About this exercise
Write out the following listing's lines from the one with "PDMANPDP项目调查问卷汇总统计表.docx_第3页" to the one with "A graph showing", exactly, with both included and no others.

Provided material
=-=-=-=-=
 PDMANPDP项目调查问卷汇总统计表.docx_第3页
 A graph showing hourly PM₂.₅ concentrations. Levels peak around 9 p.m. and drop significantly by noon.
=-=-=-=-=
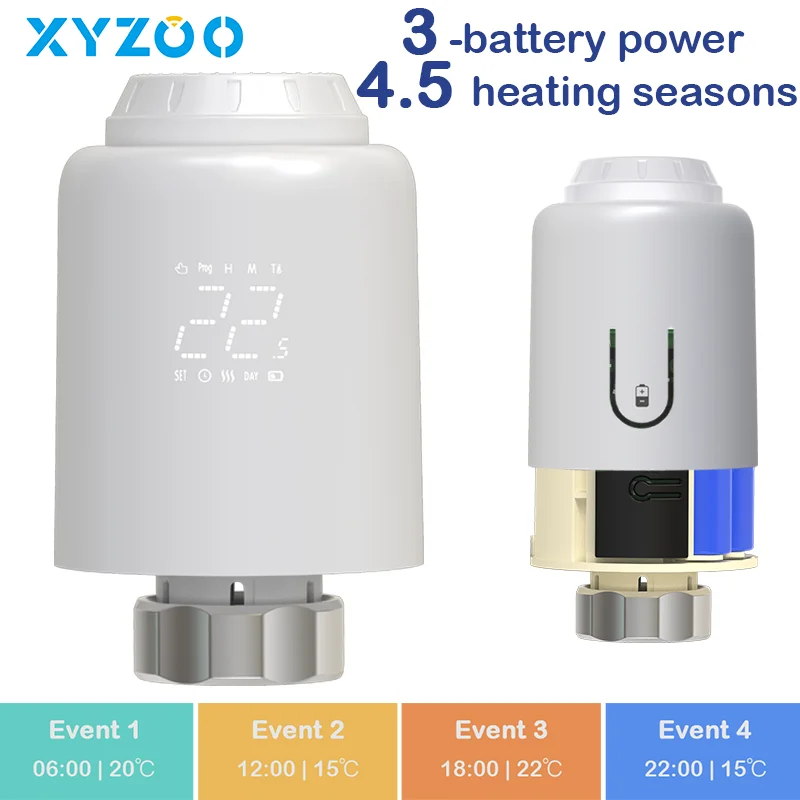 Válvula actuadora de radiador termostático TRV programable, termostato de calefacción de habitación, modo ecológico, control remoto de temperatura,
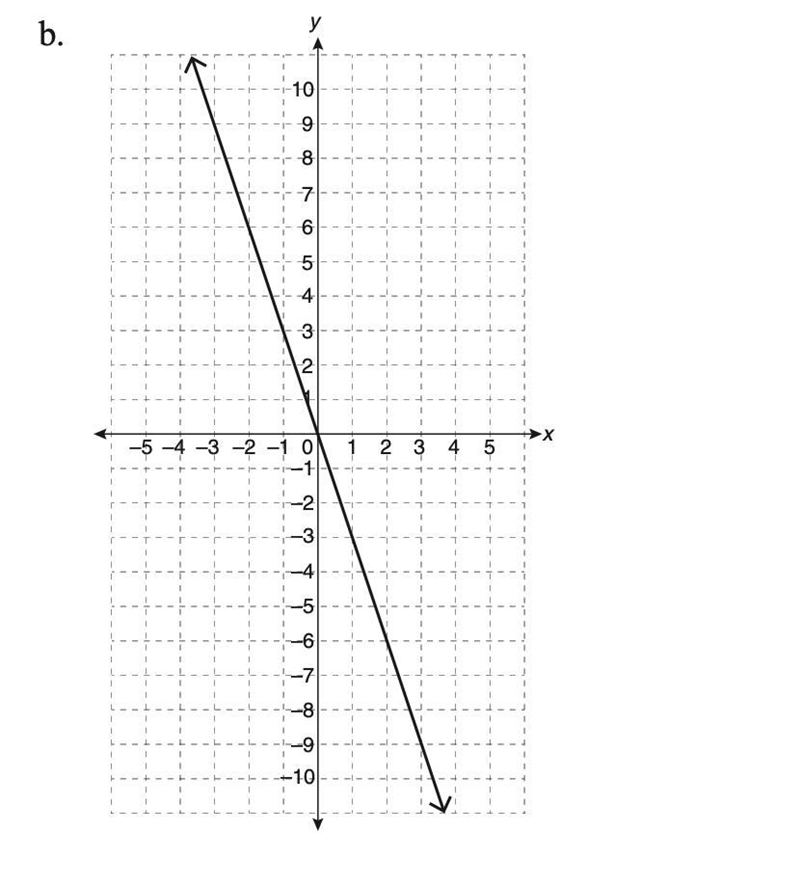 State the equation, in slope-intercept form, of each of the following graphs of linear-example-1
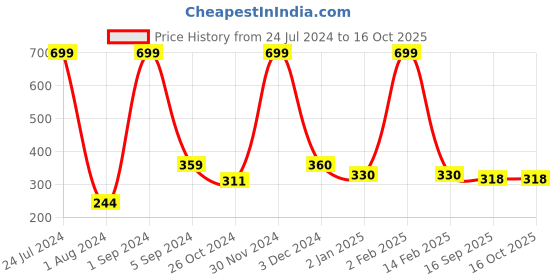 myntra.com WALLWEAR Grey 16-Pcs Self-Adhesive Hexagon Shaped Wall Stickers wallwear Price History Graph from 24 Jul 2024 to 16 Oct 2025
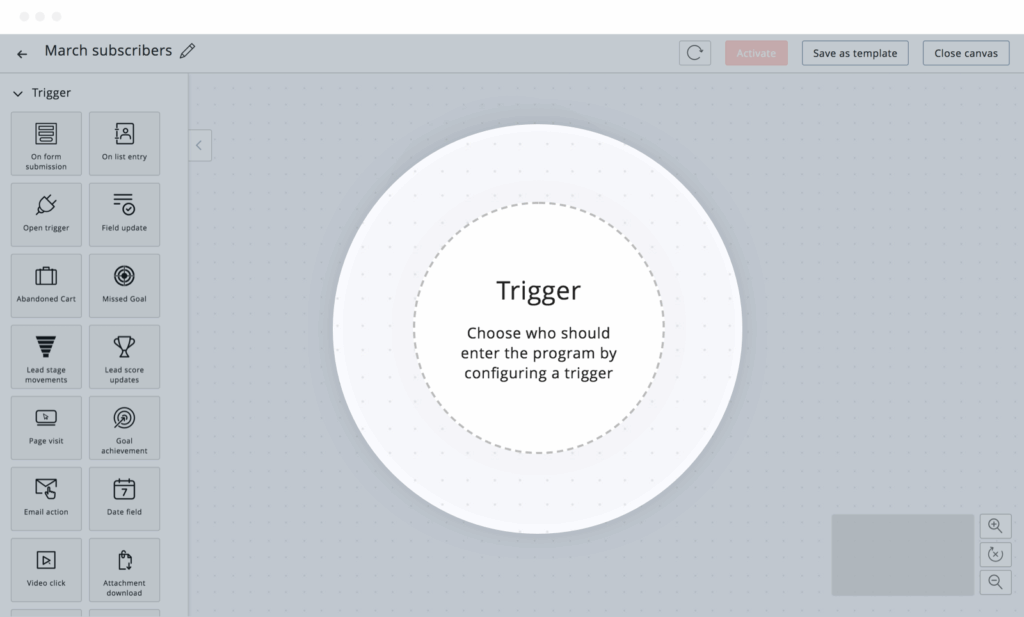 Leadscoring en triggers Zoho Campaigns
=-=-=-=-=
Result below
 PDMANPDP项目调查问卷汇总统计表.docx_第3页
 A graph showing hourly PM₂.₅ concentrations. Levels peak around 9 p.m. and drop significantly by noon.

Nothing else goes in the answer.